Robert Koch-Institut
Fast 1000 neue Corona-Tote

Die Zahl der binnen sieben Tagen gemeldeten Neuinfektionen pro 100.000 Einwohner geht weiter zurück. Doch die Zahl der neuen Corona-Toten bleibt auf hohem Niveau.

Mittwoch, 03.02.2021, 20:04 Uhr aktualisiert: 03.02.2021, 20:06 Uhr
Ein Sarg mit einem Verstorbenen mit der Aufschrift «Covid 19» und dem Zeichen «Biohazard» wird von einem Bestatter in ein Krematorium gebracht. Foto: Rolf Vennenbernd

Berlin (dpa) - Die deutschen Gesundheitsämter haben dem Robert Koch-Institut (RKI) 9705 Corona-Neuinfektionen binnen eines Tages gemeldet. Außerdem wurden 975 neue Todesfälle innerhalb von 24 Stunden verzeichnet, wie aus RKI-Zahlen hervorgeht.

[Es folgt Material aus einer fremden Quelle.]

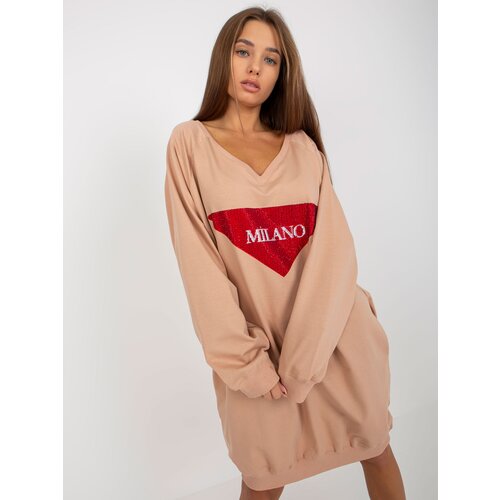 VITON Sweatshirt-VI-BL-3113.73P-dark beige Slike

Der Höchststand von 1244 neuen gemeldeten Todesfällen war am 14. Januar erreicht worden. Bei den binnen 24 Stunden registrierten Neuinfektionen war mit 33.777 am 18. Dezember der höchste Wert gemeldet worden - darin waren jedoch 3500 Nachmeldungen enthalten.

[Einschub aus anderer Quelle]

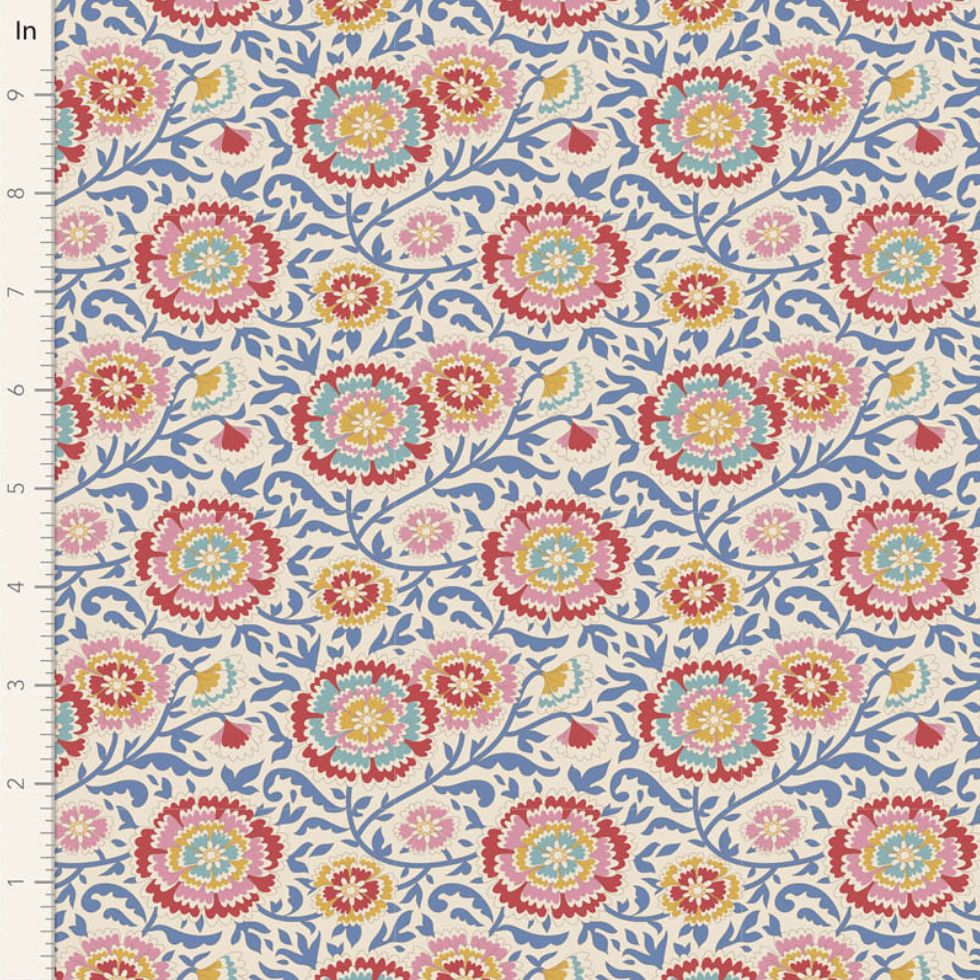 Tilda Fabrics Jubilee ~ TIL100560 ~ Elodie ~ Teal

Die Zahl der binnen sieben Tagen gemeldeten Neuinfektionen pro 100.000 Einwohner (Sieben-Tage-Inzidenz) lag laut RKI am Mittwochmorgen bei 82,9. Ihr bisheriger Höchststand war am 22. Dezember mit 197,6 erreicht worden.

Das RKI zählt seit Beginn der Pandemie 2.237.790 nachgewiesene Infektionen mit Sars-CoV-2 in Deutschland (Stand: 03.02., 00.00 Uhr). Die tatsächliche Gesamtzahl dürfte noch deutlich höher liegen, da viele Infektionen nicht erkannt werden. Die Gesamtzahl der Menschen, die an oder unter Beteiligung einer nachgewiesenen Infektion mit Sars-CoV-2 gestorben sind, stieg auf 58.956. Die Zahl der Genesenen gab das RKI mit etwa 1.973.200 an.

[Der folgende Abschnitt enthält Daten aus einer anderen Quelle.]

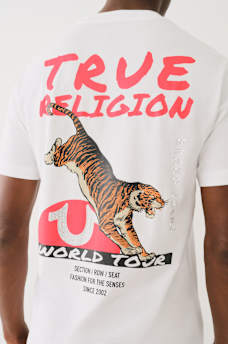 TIGER GRAPHIC CREW TEE, image 1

Der bundesweite Sieben-Tage-R-Wert lag laut RKI-Lagebericht vom Mittwochabend bei 0,83 (Vortag 0,85). Das bedeutet, dass 100 Infizierte rechnerisch 83 weitere Menschen anstecken. Der Wert bildet jeweils das Infektionsgeschehen vor 8 bis 16 Tagen ab. Liegt er für längere Zeit unter 1, flaut das Infektionsgeschehen ab.